上例の場合、保護処理を実行する条件として、「ダミー操作が行われること」と「モードフラグが第2のモードM2であること」との二重の条件を課しているが、これは、所有者自身が罠にかかってしまう危険性を排除するためである。すなわち、所有者自身は、無意識のうちに「電話番号の入力操作」を行ってしまう可能性があるので、モードフラグが第1のモードである場合(すなわち、「置き忘れ状態」ではないと判定されている場合)には、誤って「電話番号の入力操作」(ダミー操作)が行われても、保護処理が行われることがないようにしている。

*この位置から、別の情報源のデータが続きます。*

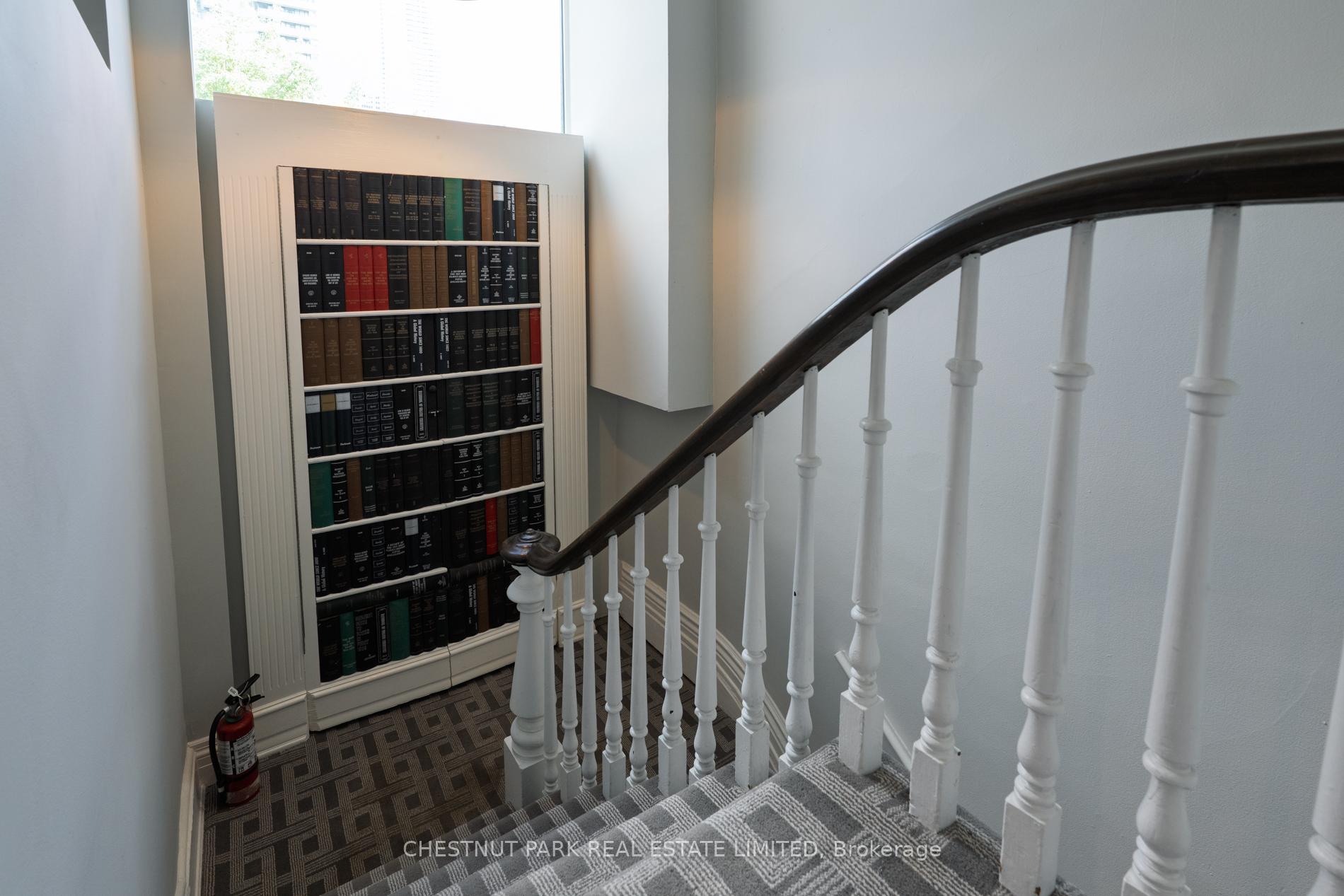 Photo 10 of Unit 300, 14 St Joseph Street, Toronto, Bay Street Corridor — HOMEH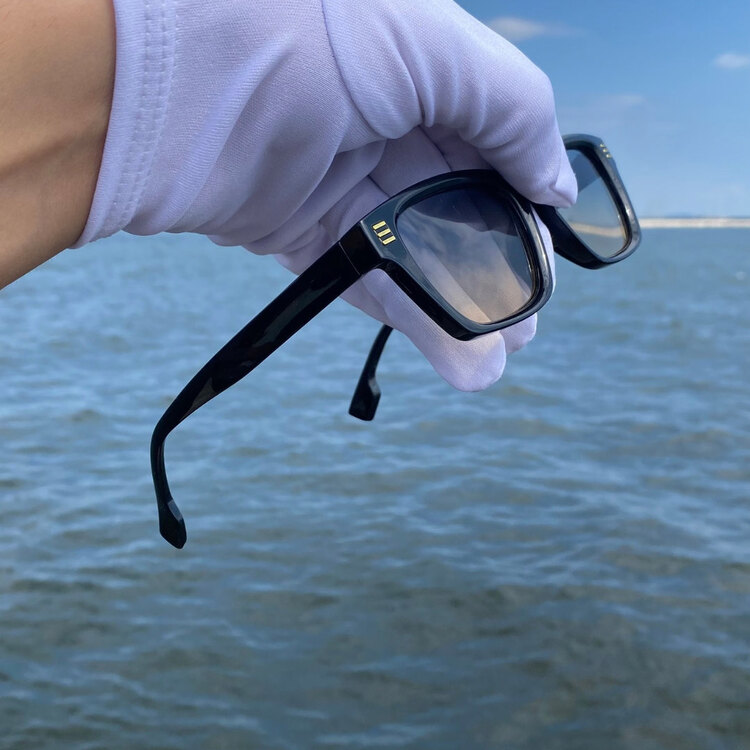 Erkek Wayfarer Güneş Gözlüğü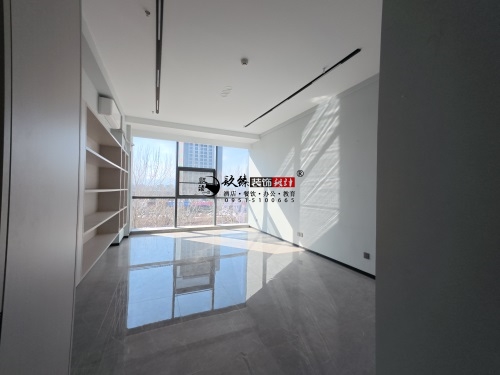 �y��늸��Ƶ��OӋ�b���Ŀ|�N���b�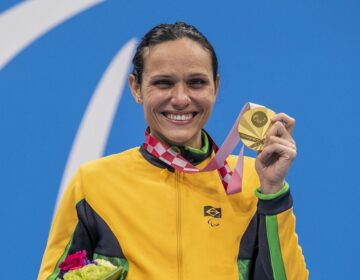 Paralimpíada: Carol Santiago é ouro e Cecília Araújo prata na natação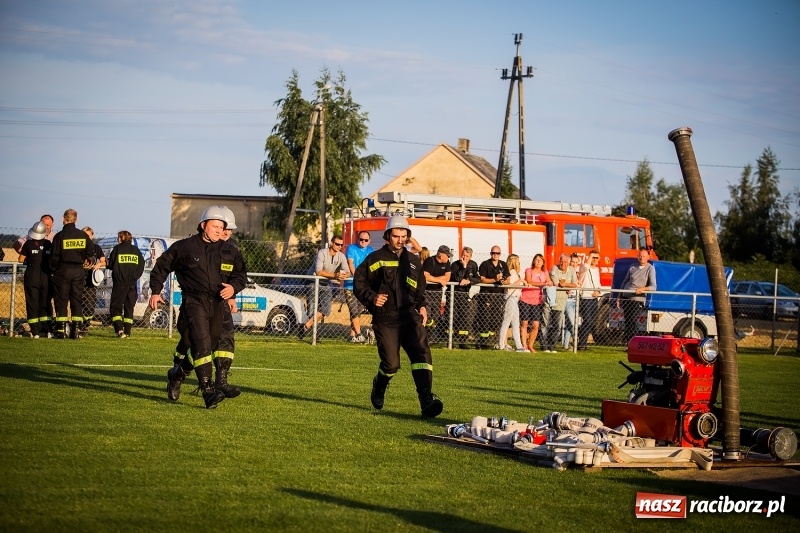 Zdjęcie w galerii na portalu naszraciborz.pl: Samborowice i Rudyszwałd z pucharem 110-lecia OSP Borucin wiadomości z regionu
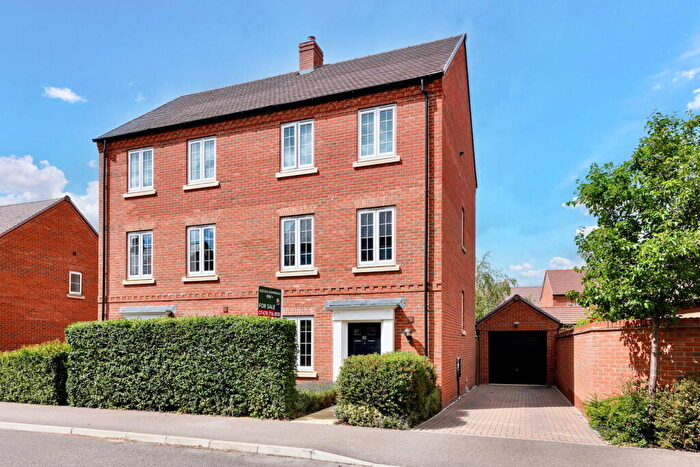 4 Bedroom Semi-Detached House For Sale In Lancaster Road, Brampton, Cambridgeshire, PE28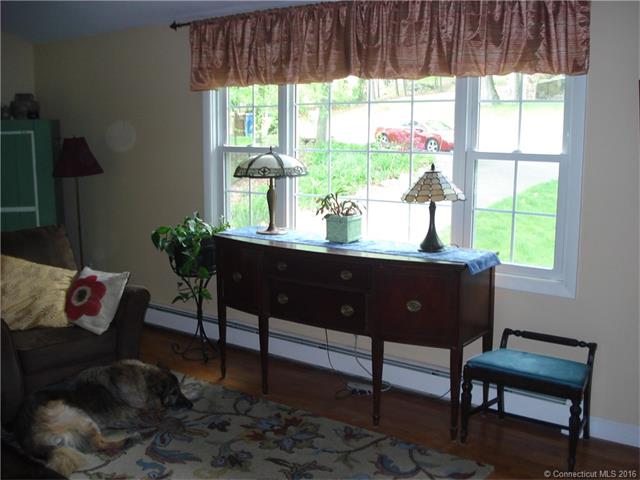 For Sale: 50 Daybreak Ln Shelton, CT 06484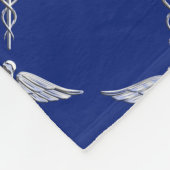Chrom wie Caduceus Medical Symbol auf Navy Blue Fleecedecke (Ecke)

前述したとおり、モードフラグが第2のモードM2である場合は、「置き忘れ状態」という特殊な状態であり、通常のロック解除操作(第1のロック解除条件CU1を満たす操作)とは異なるロック解除操作(第2のロック解除条件CU2を満たす操作)が要求される。したがって、モードフラグが第2のモードである場合は、所有者は、より慎重にロック解除操作を行うことが予想される。そこで、上例の場合、このような慎重なロック解除操作が要求されている状況においても、ダミー操作が行われた場合には、第三者による不正行為が行われている可能性が極めて高いと判断し、保護処理を実行するようにしている。

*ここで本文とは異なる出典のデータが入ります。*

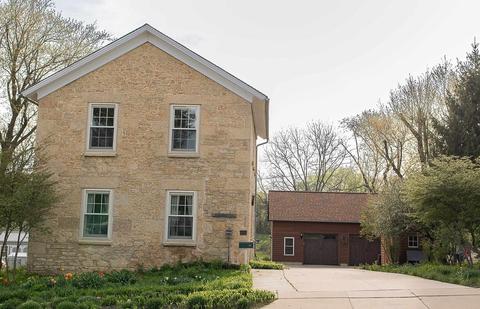914 N Bequette St, Dodgeville, WI 53533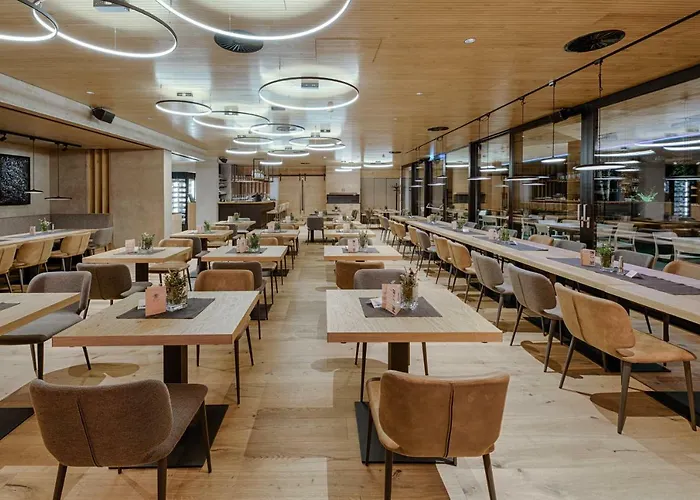 Kosis Sports Lifestyle מלון פוגן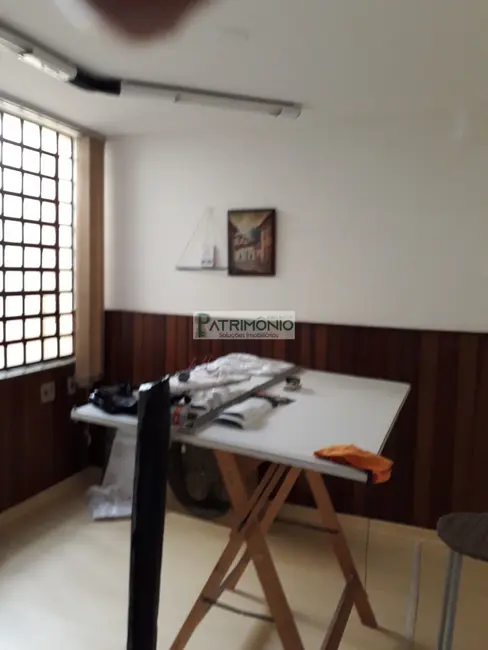 Foto 3 de Casa com 4 quartos à venda, 239m2 em Centro, Jaguariuna - SP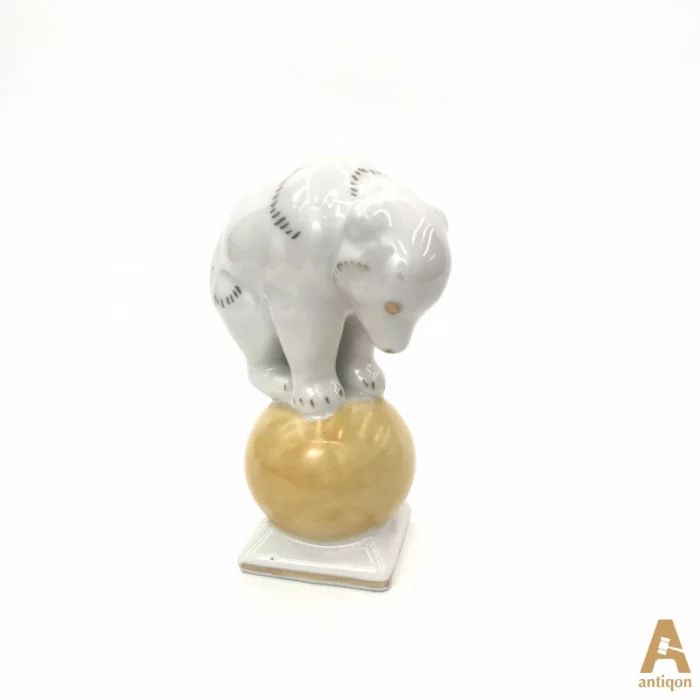 Porcelāna figūriņa "Baltais lācis uz bumbiņas" RFF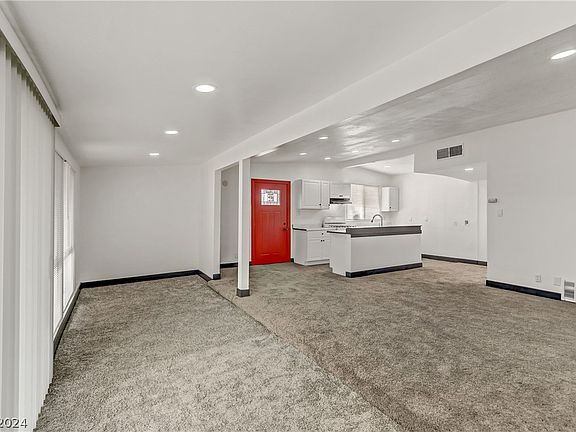 5th image of 2208 Ryan Ave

なお、ダミー操作が行われた場合、ディスプレイの画面上には、正しいパスワードの認証に成功したように見せかける偽の画面を表示させ、不正行為者を安心させるようにすることもできる。この場合、不正行為者が、たとえば、どこかに電話をかけるような行為を行えば、保護処理の一貫として、当該電話番号を不正行為者の発信先として通報することができ、不正行為者を特定する手掛かりを得ることができるようになる。
<<< §5. 放置状態判定部の具体的構成 >>>
ここでは、図1に示す携帯可能情報処理装置100における放置状態判定部230の具体的構成例を述べる。§1で述べたとおり、放置状態判定部230は、所定の判定条件に基づいて、携帯可能情報処理装置100が放置状態か否かを判定する構成要素であり、モード切換部270は、この放置状態判定部230の判定結果に応じて、モードフラグ保持部260に保持されているモードフラグを切り換える。

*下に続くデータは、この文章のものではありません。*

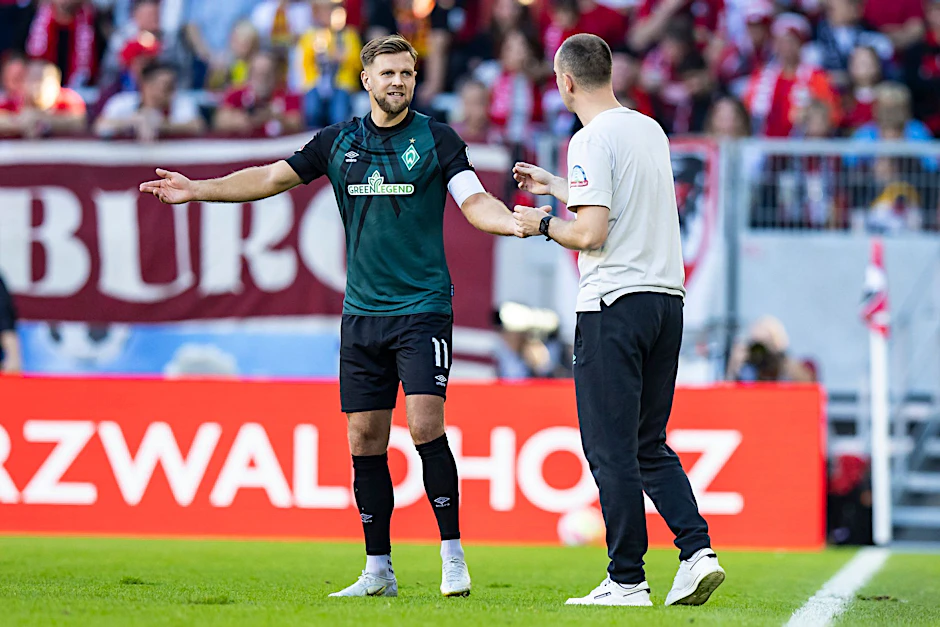 ARCHIV - Hält sich in Sachen WM bedeckt: Werder-Torjäger Niclas Füllkrug (l).  ur GmbH/dpa
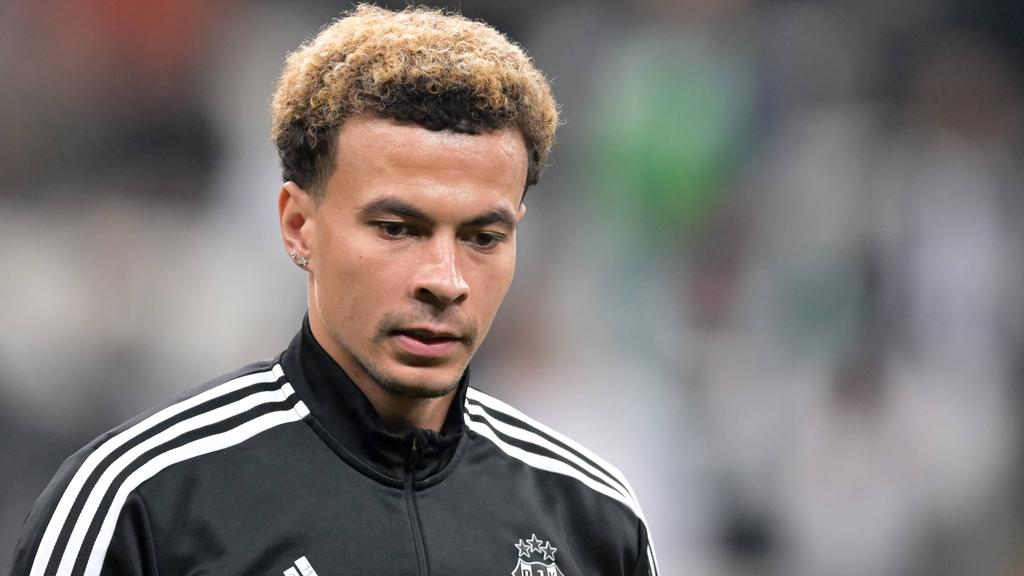 Dele Alli hat in einem Interview über seine brutale Kindheit gesprochen Dele Alli hat in einem Interview über seine brutale Kindheit gesprochen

後述するように、放置状態判定部230には、携帯可能情報処理装置100が静止状態にあるか否かを認識するために用いる物理的なセンサが組み込まれており、携帯可能情報処理装置100が静止状態にあると認識できる期間が所定の放置判定時間以上継続した場合に放置状態との判定を行うことになる。
ここでは、まず、放置状態判定部230に組み込まれた物理的なセンサの基本動作を説明するために、図8を参照して座標系の説明を行うことにする。図8は、本発明に係る携帯可能情報処理装置100が配置されたNEUグローバル座標系と、当該入力装置100上に定義されたXYZローカル座標系との関係を示す斜視図である。両座標系は、いずれも3つの座標軸を有する三次元直交座標系であるが、前者が地理的な東西南北および上下の方向を示すことができるように、地球上に固定された座標系であるのに対して、後者は、携帯可能情報処理装置100に対して固定された座標系である。
すなわち、NEUグローバル座標系は、北方向を示すN軸、東方向を示すE軸、上方向を示すU軸という互いに直交する3軸と原点Oとをもった三次元直交座標系であり、地球上での利用を前提とする本発明に係る携帯可能情報処理装置100の動作を考える上では、位置や向きに変化が生じない普遍的な座標系として取り扱うことができる。ここで、N軸は「North(北)」の頭文字、E軸は「East(東)」の頭文字、U軸は「Up(上)」の頭文字をとったものである。図に示す鉛直方向D(下方向)は重力が作用する方向であり、U軸負方向に対応し、NE平面は水平面を構成する。また、図に破線で示す南方向はN軸負方向に対応し、図に破線で示す西方向はE軸負方向に対応する。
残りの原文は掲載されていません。